> [Required work] After locating the line with "2024 Set Gold", set down that line and all the lines that follow it, unchanged, to the end of the records; omit the pictures.
__________________________________________________
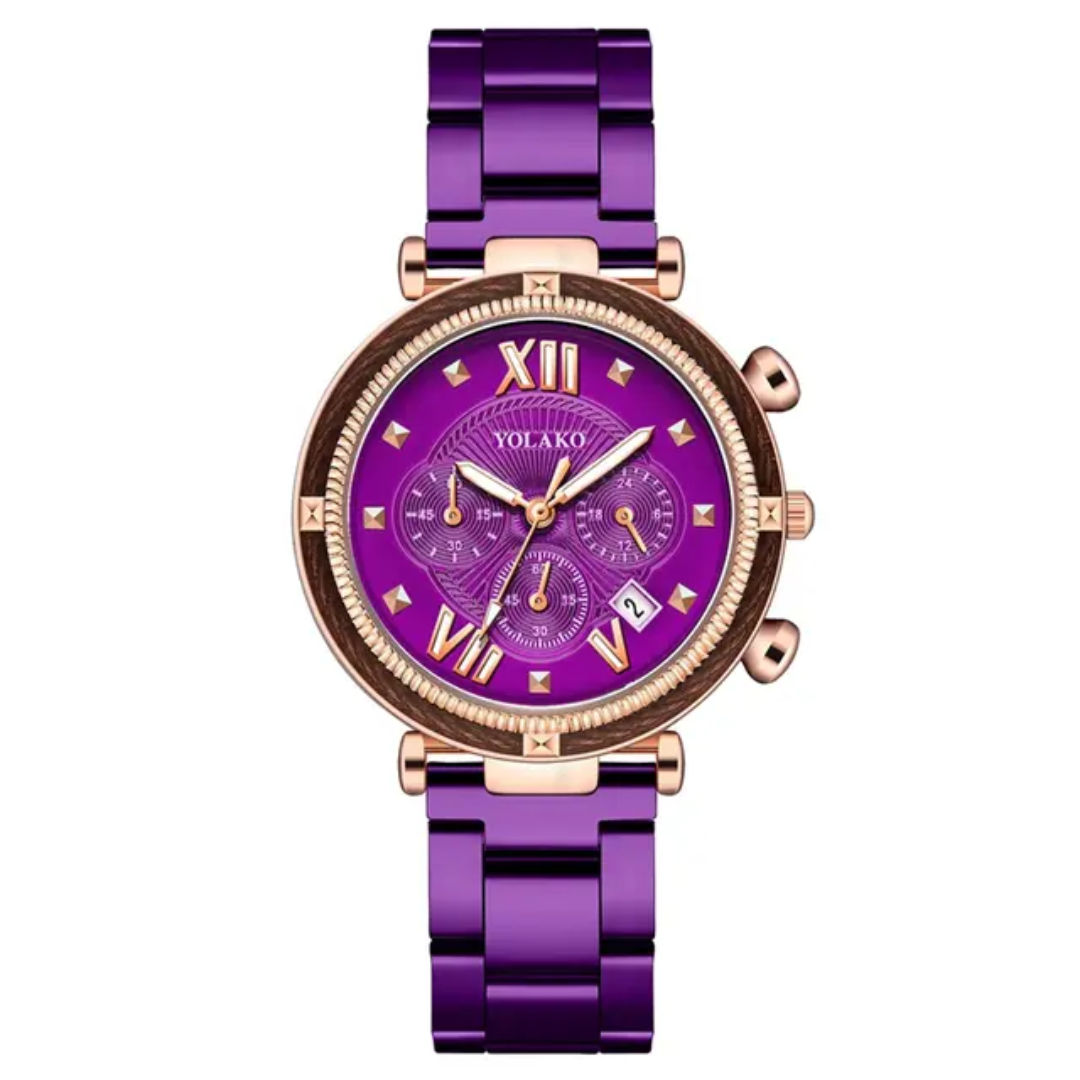 Relógio Feminino Roxo YOLAKO com Detalhes Dourados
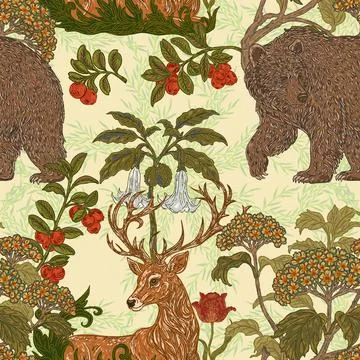 Seamless forest pattern. a hand-drawn botanical illustration featuring a bear Stock Illustration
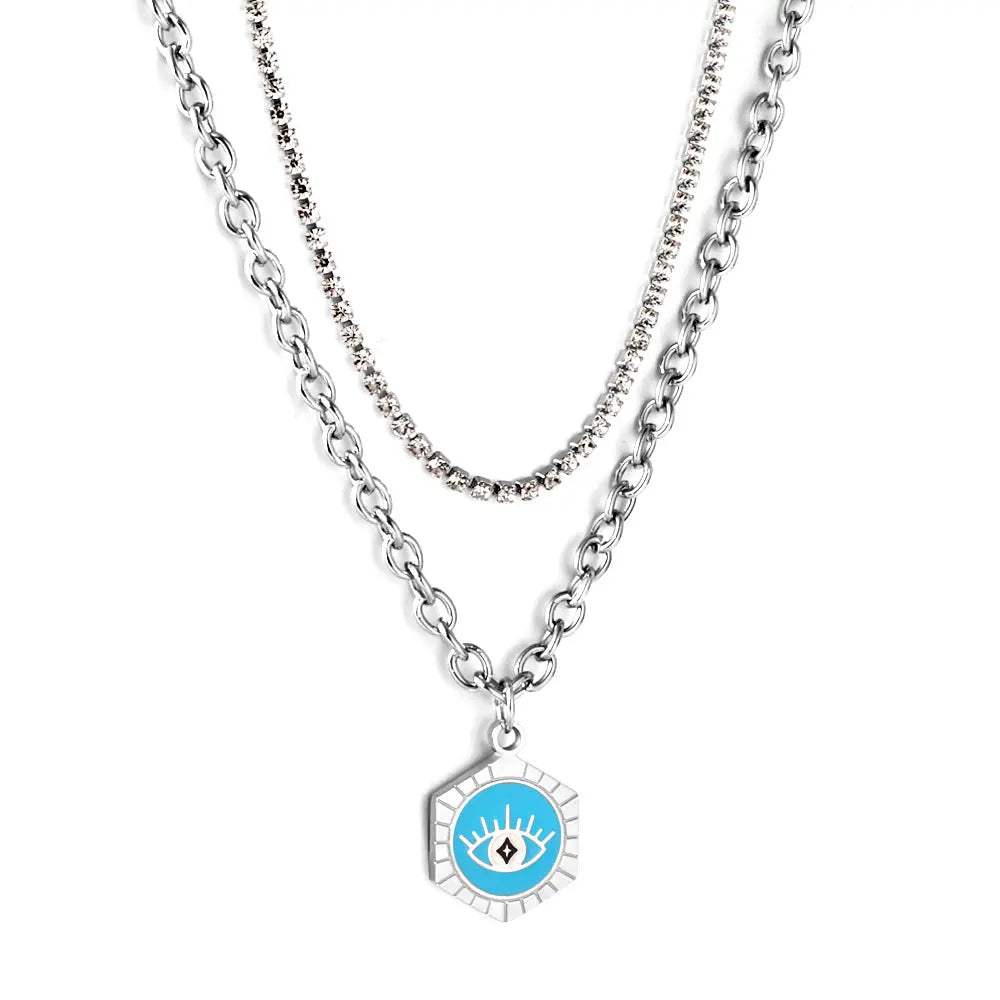 Stainless Steel Hexagon With Blue Drop Oil Eye Accessories + White Diamond With Chain Double Chain Necklace asonjewelry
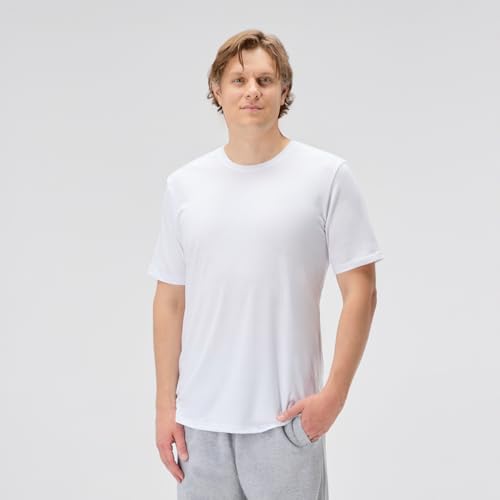 TallSlim Men's Tall Slim-Fit Short Sleeve Crewneck T-Shirt - Extra Long, Slim Fit, Preshrunk Easy Care, White, Medium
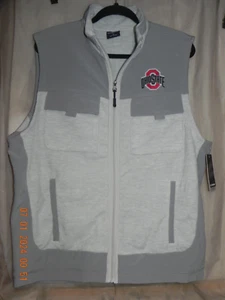 Chaleco Ohio State Buckeyes Para Hombre Talla Grande Cremallera Completa Logo Bordado - Imagen 1 de 4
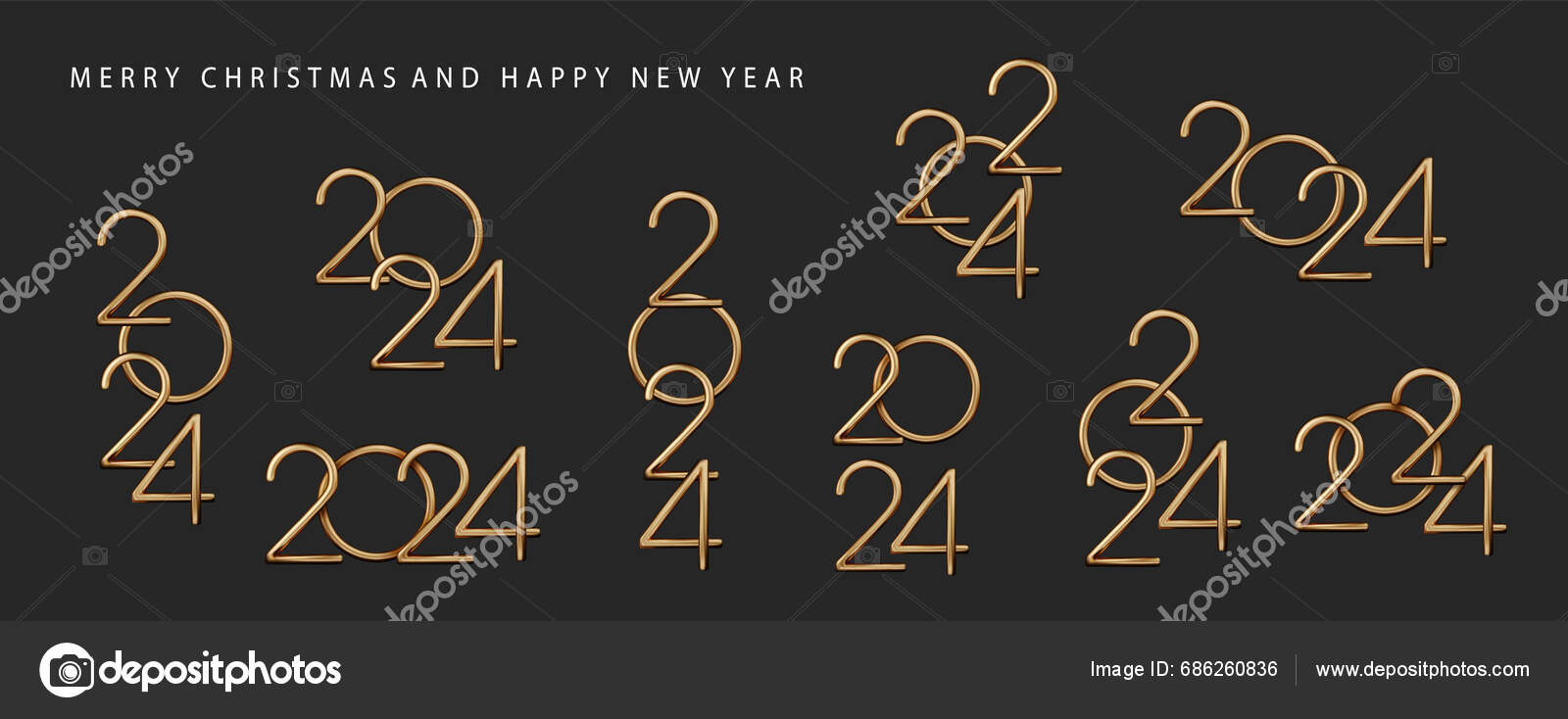 2024 Set Gold Compositions Golden Numbers 2024 Collection 2024 New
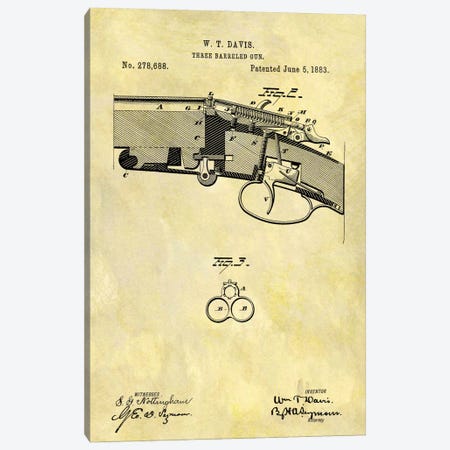 W.T. Davis Three Barreled Gun Patent Sketch (Foxed) Canvas Print #DSP72} by Dan Sproul Canvas Art Print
__________________________________________________
> [Task response]
 2024 Set Gold Compositions Golden Numbers 2024 Collection 2024 New
 W.T. Davis Three Barreled Gun Patent Sketch (Foxed) Canvas Print #DSP72} by Dan Sproul Canvas Art Print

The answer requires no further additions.